I kept about a five pound black drum and grilled it on the half shell alongside a similar sized redfish last night. Marinated for an hour or so with Worcestershire sauce, then seasoned with Everglades before cooking. They were both outstanding but surprisingly my wife and I both agreed that the drum was better. I haven't eaten one since I was a kid but I will be keeping a smaller one from time to time from here on out.


----------



## WannaBay (Dec 2, 2015)

The litluns are good!









Pan-fried blacks and reds...










(Sheeps for scale but in a different baggie)


----------



## Catchemall (May 8, 2018)

Fine looking sheepies. There are more drum now than I can ever remember so we might as well take advantage of em.


----------



## WannaBay (Dec 2, 2015)

I noticed alot of blacks last year, and this year have caught more than any other...


----------



## Stoker1 (Feb 17, 2014)

First thoughts were this was a post by what's his nuts.... math geek or whatever his name is.


----------



## smooth move (Sep 25, 2012)

you find any worms in those drum? we caught a few last week and a couple were full of em, too many to pick out. the other 4 were good, only a couple worms in each. grandaughter and her boyfriend were catching the drum one after the other. they had a blast.


----------



## etrade92 (Jul 30, 2015)

Try a light coating of mayo on the fillet before seasoning and grilling. You won’t taste it but it definitely increases the flavors in the fish. Red and black drum on the half shell is a delicacy in our house.


----------



## Catchemall (May 8, 2018)

smooth move said:


> you find any worms in those drum? we caught a few last week and a couple were full of em, too many to pick out. the other 4 were good, only a couple worms in each. grandaughter and her boyfriend were catching the drum one after the other. they had a blast.

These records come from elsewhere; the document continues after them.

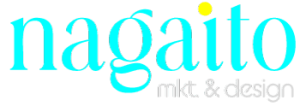Logotipo da empresa de design e marketing Nagaito.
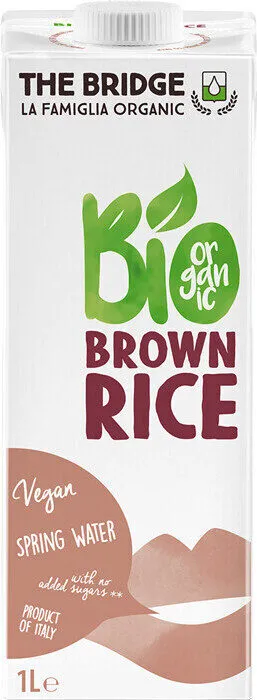 Biorganic Brown Rice Milk
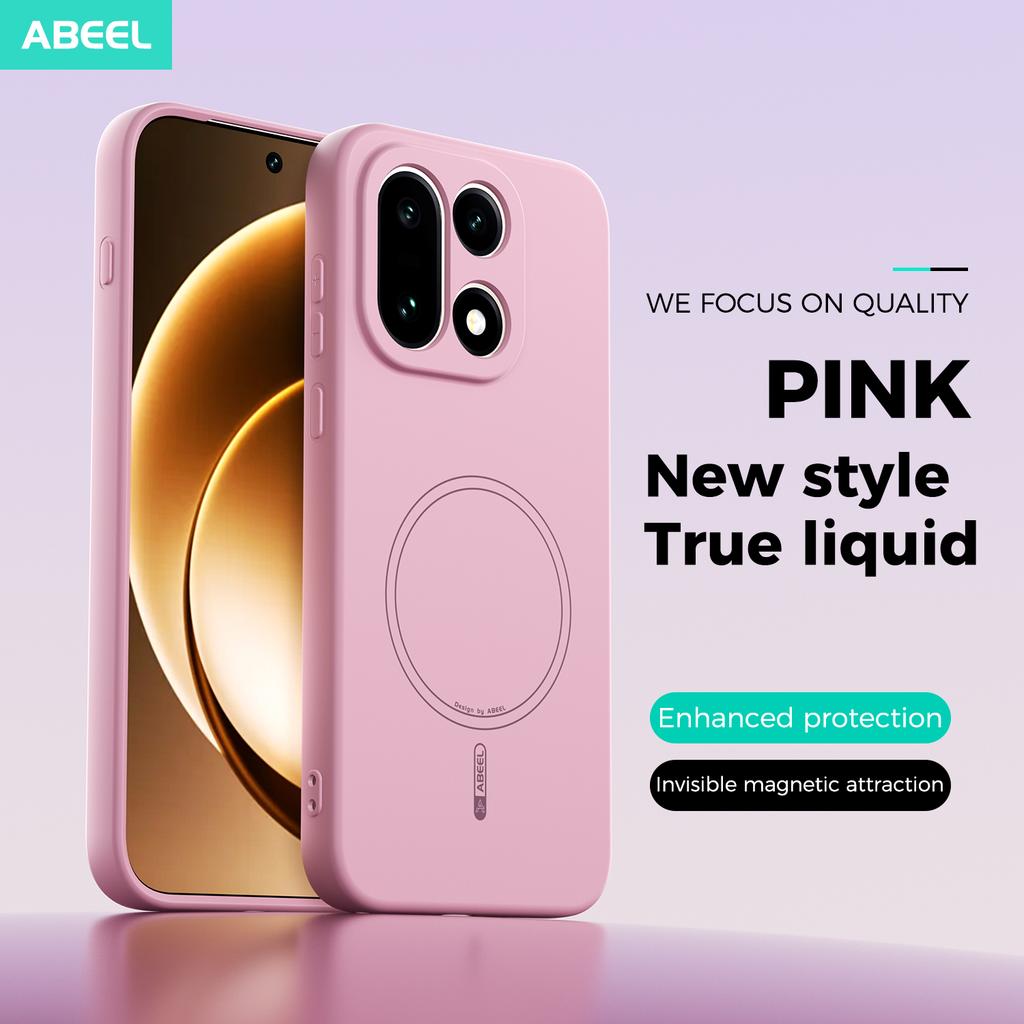 Pro pouzdro na telefon OnePlus 15 13T 13S 15R Magnetický pocit kůže Tekutý silikon Odolné proti pádu Odolné proti nárazům Kryt pro OnePlus 15 ACE 6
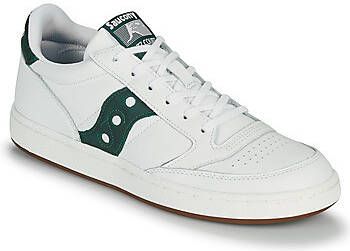 Saucony Sneakers Jazz Court in pelle , Wit, Heren
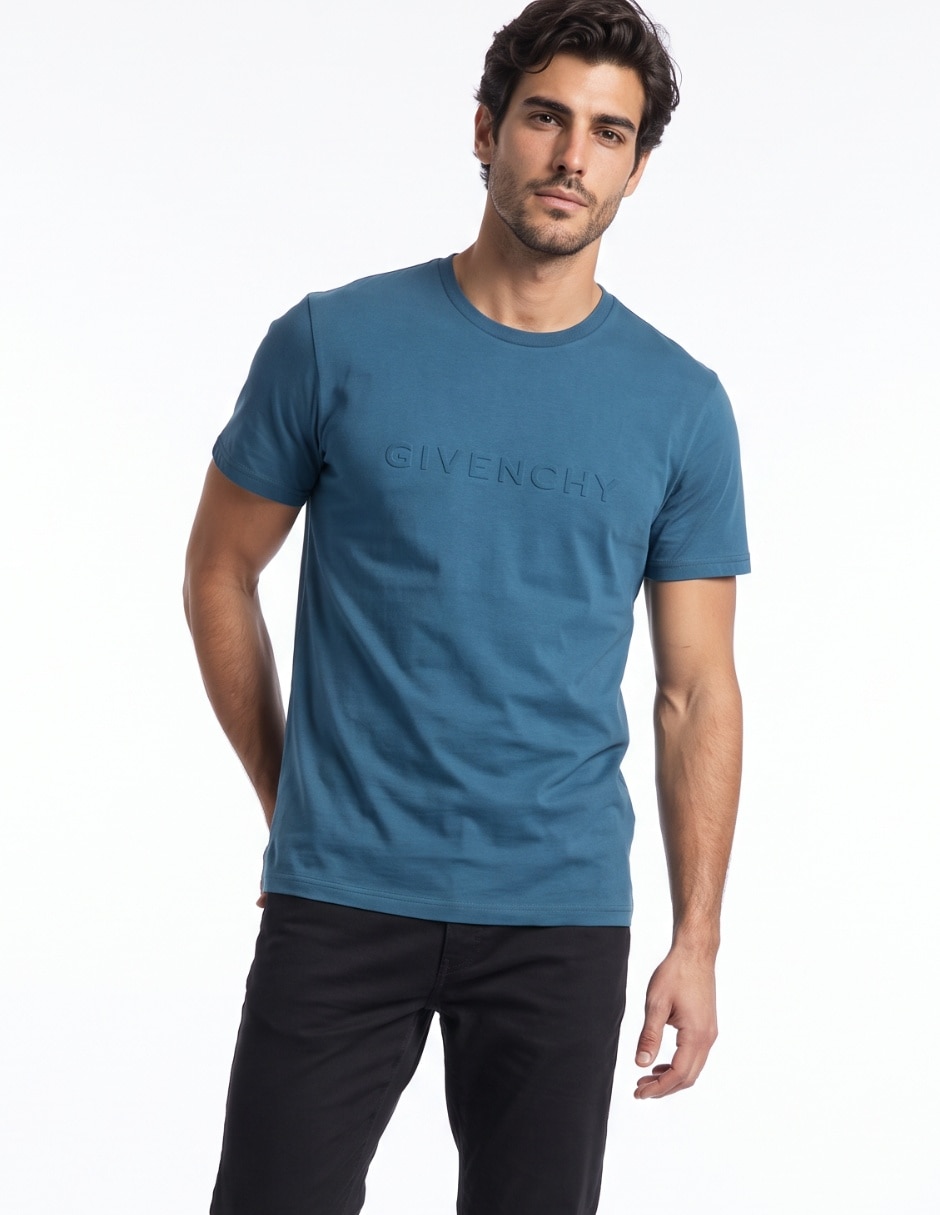 Playera cuello redondo para hombre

One side had one in the tail area. Pulled it out and ate it like spaghetti. Not. Just trimmed that piece off and kept going.


----------



## Catchemall (May 8, 2018)

Stoker1 said:


> First thoughts were this was a post by what's his nuts.... math geek or whatever his name is.


Oh boy!


----------



## WannaBay (Dec 2, 2015)

The biggest one in my pic had a little spot near the tail with 2 worms together. We just shorten that filet by a couple of inches. 
But I'm finding worms in some trout. What's up with that?


----------



## Catchemall (May 8, 2018)

WannaBay said:


> But I'm finding worms in some trout. What's up with that?


Probably most speckled trout over about 17 inches have 'em along with most bigger white trout. I found some in a redfish and a whiting last week. Why they're common in some species and not others I don't know but it's true offshore as well.


----------